_Instructions for the task_
Include no pictures. Output exactly the lines from the one that contains "circulation in human" through the final line of the entries.

=== Section Start ===

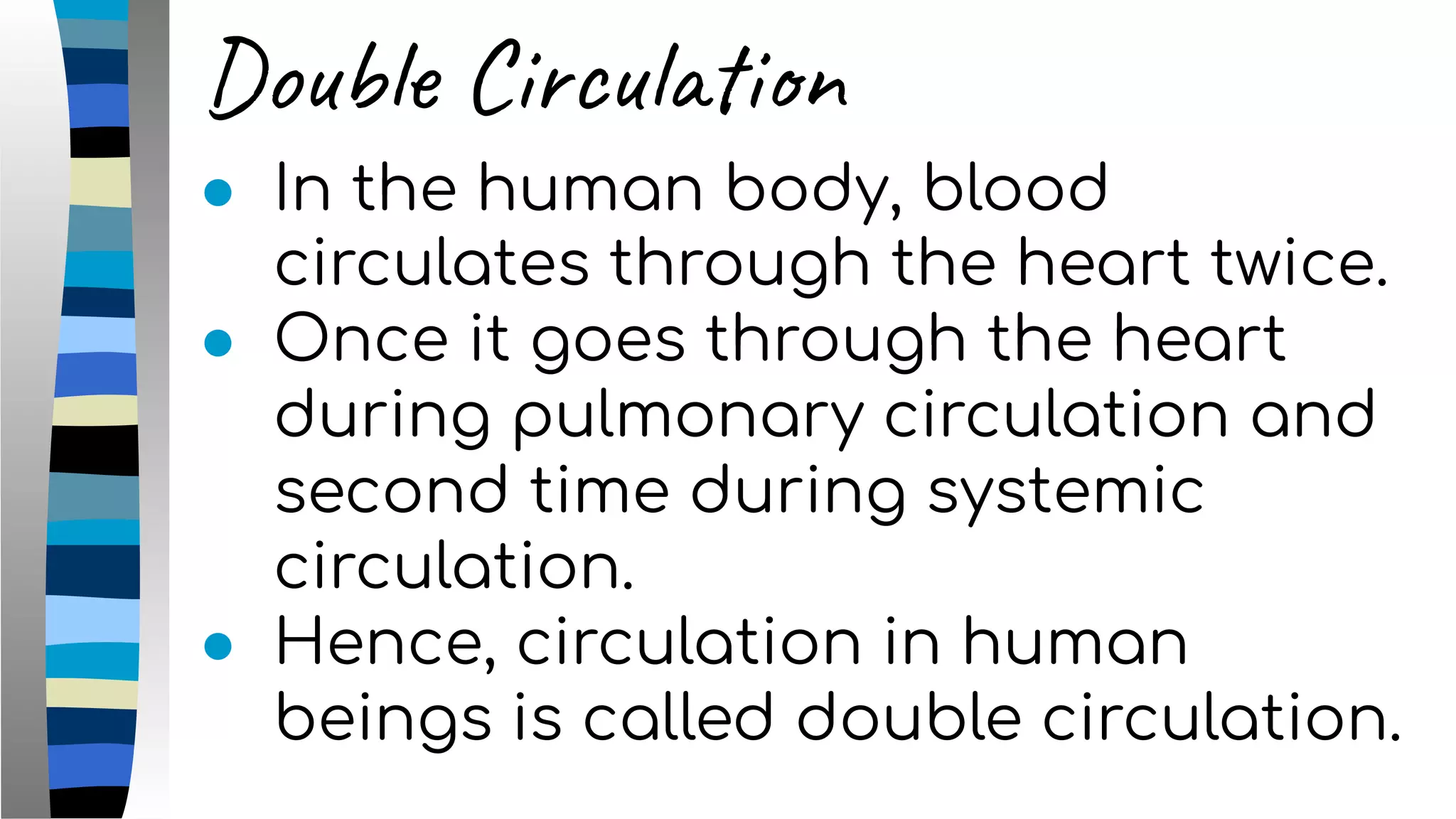 Double Circulation
● In the human body, blood
circulates through the heart twice.
● Once it goes through the heart
during pulmonary circulation and
second time during systemic
circulation.
● Hence, circulation in human
beings is called double circulation.
 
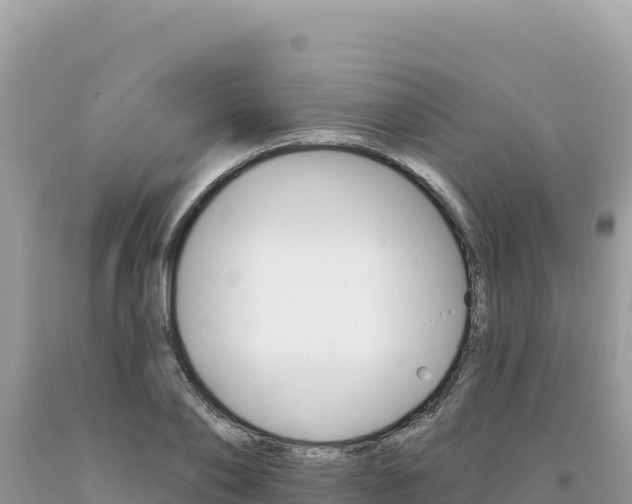 X0000094190886200710260952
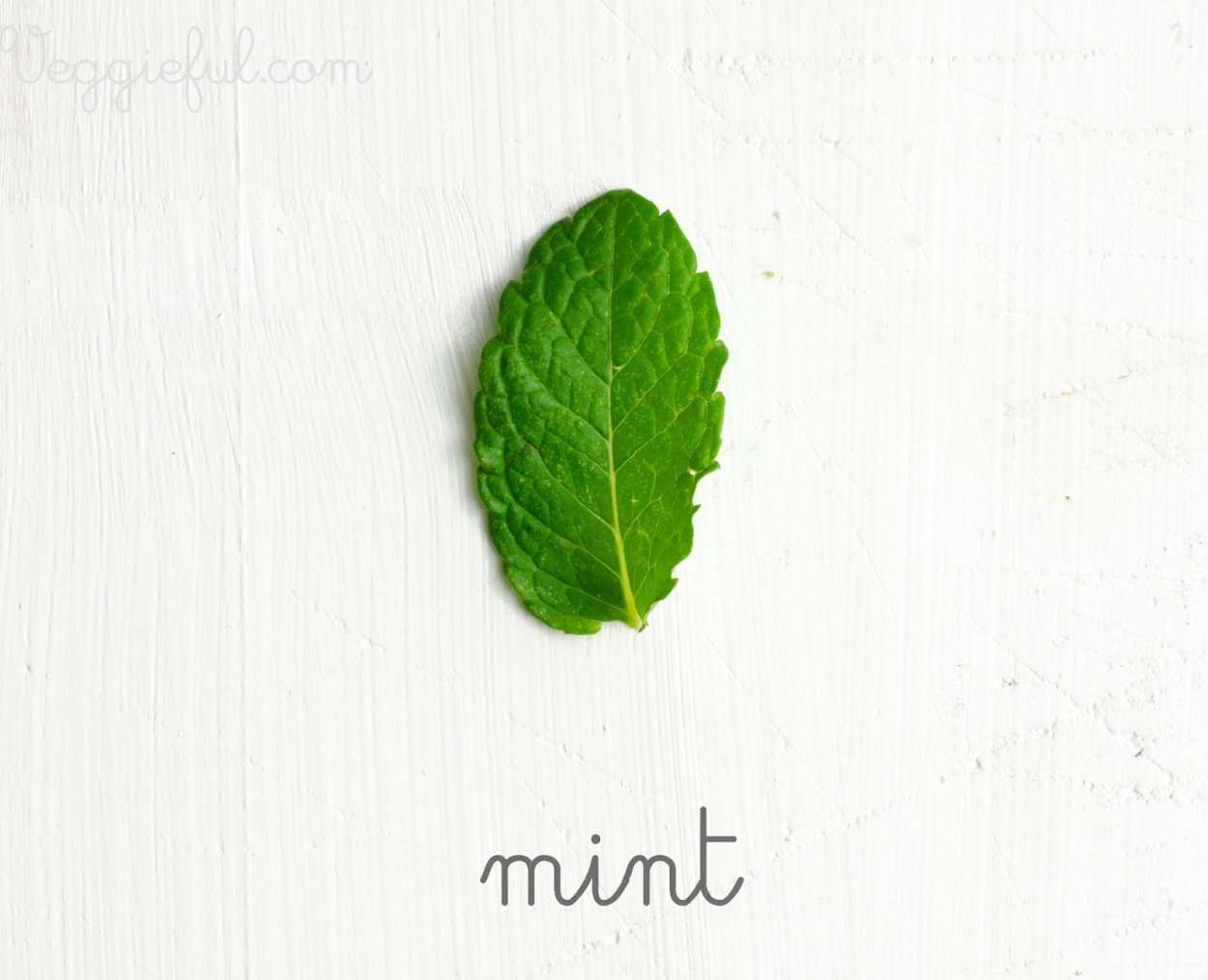 Мята остролистная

=== Section End ===

_Task solution_
● Hence, circulation in human
beings is called double circulation.
 
 X0000094190886200710260952
 Мята остролистная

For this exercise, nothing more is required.